Honestly, it’s the kind of gratitude I can’t figure out how to adequately express. My whole life has changed for the better since my residency, in ways that really surprised me, and I have no doubt that the MacDowell Colony and the Rona Jaffe Foundation are responsible for that.
What other writing projects are you currently working on?
Right now I’m writing a lot of poems with a background image in mind—the Wizard of Oz being revealed, the moment the curtain is pulled back and a sad little man is found to be working a machine that makes the magic, and the faces of the fooled who had hoped so hard. Just that split second of the revelation, not the before or after of it. There’s also a masculine vanity at play in these new poems, paired with a dangerous impotence. The idea of ineffectuality is really interesting to me right now, like a horizon that just moves back ten feet every time you get close to it. There are people like that. So I have about twenty poems in this new series so far, which I’m thinking will be a chapbook called “In My Study of Hysteria.” I like the idea of a chapbook for these poems because they’re more unified in tone than the full-length manuscript I just finished. I am also in the beginning stages of editing an epistolary collaboration between myself and another writer with whom I have corresponded for over ten years.
What great books have you read recently?
Songs of Kabir, translated by Arvind Krishna Mehrotra, was a highlight of the summer. Mariana Marin’s Paper Children is beautiful and I’ve returned to it all month long—it’s been out from Ugly Duckling Presse for a bit of time but I’m new to it. The same goes for Matthew Rohrer’s A Plate of Chicken. My friend Virginia Konchan is one of my favorite poets, and her manuscript sits by my bed for ease of access. I read The Epic of Gilgamesh recently and swooned—it has a wild man in it.

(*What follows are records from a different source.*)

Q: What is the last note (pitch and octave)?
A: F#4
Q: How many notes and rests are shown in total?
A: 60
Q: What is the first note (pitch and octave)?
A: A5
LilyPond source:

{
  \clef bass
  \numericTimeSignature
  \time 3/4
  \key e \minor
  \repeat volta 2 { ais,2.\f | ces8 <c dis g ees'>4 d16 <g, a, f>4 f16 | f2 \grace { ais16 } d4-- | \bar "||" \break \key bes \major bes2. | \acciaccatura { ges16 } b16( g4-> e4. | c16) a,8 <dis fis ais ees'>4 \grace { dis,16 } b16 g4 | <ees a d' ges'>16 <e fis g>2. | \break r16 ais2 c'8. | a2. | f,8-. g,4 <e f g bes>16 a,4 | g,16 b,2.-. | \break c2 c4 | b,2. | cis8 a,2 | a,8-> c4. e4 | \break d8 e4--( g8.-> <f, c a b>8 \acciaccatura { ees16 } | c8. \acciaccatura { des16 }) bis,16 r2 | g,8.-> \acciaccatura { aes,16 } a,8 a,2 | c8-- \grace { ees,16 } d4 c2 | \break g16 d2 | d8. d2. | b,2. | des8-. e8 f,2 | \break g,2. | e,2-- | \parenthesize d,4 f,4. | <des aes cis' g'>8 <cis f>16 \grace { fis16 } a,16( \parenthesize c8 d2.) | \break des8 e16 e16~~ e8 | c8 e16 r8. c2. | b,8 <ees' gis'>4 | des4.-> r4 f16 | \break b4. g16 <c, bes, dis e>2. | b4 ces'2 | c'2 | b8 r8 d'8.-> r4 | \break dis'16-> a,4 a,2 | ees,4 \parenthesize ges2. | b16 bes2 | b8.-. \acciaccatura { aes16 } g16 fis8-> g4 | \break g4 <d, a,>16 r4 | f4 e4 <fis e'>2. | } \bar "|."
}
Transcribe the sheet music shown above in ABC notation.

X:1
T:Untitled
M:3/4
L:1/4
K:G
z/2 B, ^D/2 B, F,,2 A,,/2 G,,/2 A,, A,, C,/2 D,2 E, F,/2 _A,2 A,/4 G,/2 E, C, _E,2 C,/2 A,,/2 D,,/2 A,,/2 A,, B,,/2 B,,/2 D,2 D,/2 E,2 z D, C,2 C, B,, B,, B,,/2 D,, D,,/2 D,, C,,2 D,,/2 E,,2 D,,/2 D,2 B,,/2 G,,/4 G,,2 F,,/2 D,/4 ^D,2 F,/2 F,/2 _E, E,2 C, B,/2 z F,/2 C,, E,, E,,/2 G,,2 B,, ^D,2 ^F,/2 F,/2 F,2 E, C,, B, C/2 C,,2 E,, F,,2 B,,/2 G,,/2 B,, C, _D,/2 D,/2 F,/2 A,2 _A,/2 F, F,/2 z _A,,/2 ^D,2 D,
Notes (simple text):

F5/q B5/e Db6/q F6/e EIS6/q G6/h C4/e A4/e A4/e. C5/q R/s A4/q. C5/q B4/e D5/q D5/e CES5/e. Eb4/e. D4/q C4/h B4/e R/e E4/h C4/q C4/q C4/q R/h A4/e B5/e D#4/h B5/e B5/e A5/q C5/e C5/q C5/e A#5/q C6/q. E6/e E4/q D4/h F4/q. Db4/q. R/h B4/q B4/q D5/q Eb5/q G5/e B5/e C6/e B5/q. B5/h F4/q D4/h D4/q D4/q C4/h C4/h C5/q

I’m usually broke so I can’t buy books very often. This means I read a lot of poems individually or in clusters, as my primary access to current poetry is online. I was teaching at a university last year but I moved away, and I really miss their library in terms of contemporary poetry. So my reading includes a lot of online journals—I love Guernica, Boston Review, and Little Star. A poem by Zbigniew Herbert completely changed my life this summer: Achilles. Penthesilea—you can read the Joseph Brodsky translation here. I’ve read it about two million times in two months.